This solves the RabbitMQ late-subscriber problem: when a process restarts,
its fresh queue has no historical messages, so it never receives the current
config state. With the notify pattern, the push queue is only a signal — the
source of truth is the config service's request/response API, which is
always available.
## Problem
On Pulsar, `state` class queues are persistent topics. A new subscriber
with `InitialPosition.Earliest` reads from message 0 and receives the
last config push. On RabbitMQ, each subscriber gets a fresh per-subscriber
queue (named with a new UUID). Messages published before the queue existed
are gone. A restarting processor never gets the current config.
## Design
### The Notify Message
The `ConfigPush` schema changes from carrying the full config to carrying
just a version number and the list of affected config types:
```python
@dataclass
class ConfigPush:
version: int = 0
types: list[str] = field(default_factory=list)
```
When the config service handles a `put` or `delete`, it knows which types
were affected (from the request's `values[].type` or `keys[].type`).
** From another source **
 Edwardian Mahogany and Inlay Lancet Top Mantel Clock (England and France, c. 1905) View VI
It
includes those in the notify. On startup, the config service sends a notify
with an empty types list (meaning "everything").
### Subscribe-then-Fetch Startup (No Race Condition)
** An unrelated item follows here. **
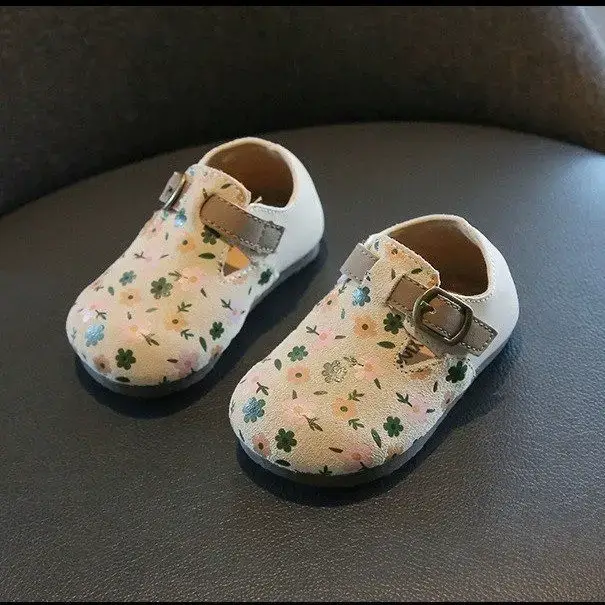 Baby Girl's Floral Birkenneth Shoes White with Buckle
The critical ordering to avoid missing an update:
1. **Subscribe** to the config push queue. Buffer incoming notify messages.
2. **Fetch** the full config via request/response (`operation: "config"`).
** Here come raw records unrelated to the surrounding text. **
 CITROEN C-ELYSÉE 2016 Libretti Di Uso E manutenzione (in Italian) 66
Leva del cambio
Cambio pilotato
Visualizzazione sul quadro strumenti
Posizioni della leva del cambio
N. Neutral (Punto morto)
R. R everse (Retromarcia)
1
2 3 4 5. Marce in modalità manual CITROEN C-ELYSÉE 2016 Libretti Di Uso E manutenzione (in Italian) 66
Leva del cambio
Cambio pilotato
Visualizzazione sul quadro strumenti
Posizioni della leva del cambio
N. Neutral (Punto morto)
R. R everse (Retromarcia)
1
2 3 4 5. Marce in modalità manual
This returns the config dict and a version number.
3. **Apply** the fetched config to all registered handlers.
4. **Process** buffered notifys. For any notify with `version > fetched_version`,
re-fetch and re-apply. Discard notifys with `version <= fetched_version`.
5. **Enter steady state**. Process future notifys as they arrive.
This is safe because:
- If an update happens before the subscription, the fetch picks it up.
- If an update happens between subscribe and fetch, it's in the buffer.
- If an update happens after the fetch, it arrives on the queue normally.
- Version comparison ensures no duplicate processing.
### Processor API
The current API requires processors to understand the full config dict
structure. The new API should be cleaner — processors declare which config
types they care about and provide a handler that receives only the relevant
config subset.
#### Current API
```python
# In processor __init__:
self.register_config_handler(self.on_configure_flows)
# Handler receives the entire config dict:
async def on_configure_flows(self, config, version):
if "active-flow" not in config:
return
if self.id in config["active-flow"]:
flow_config = json.loads(config["active-flow"][self.id])
# ...
```
#### New API
```python
# In processor __init__:
self.register_config_handler(
handler=self.on_configure_flows,
types=["active-flow"],
)
# Handler receives only the relevant config subset, same signature:
async def on_configure_flows(self, config, version):
# config still contains the full dict, but handler is only called
# when "active-flow" type changes (or on startup)
if "active-flow" not in config:
return
# ...
```
The `types` parameter is optional. If omitted, the handler is called for
every config change (backward compatible). If specified, the handler is
only invoked when the notify's `types` list intersects with the handler's
types, or on startup (empty types list = everything).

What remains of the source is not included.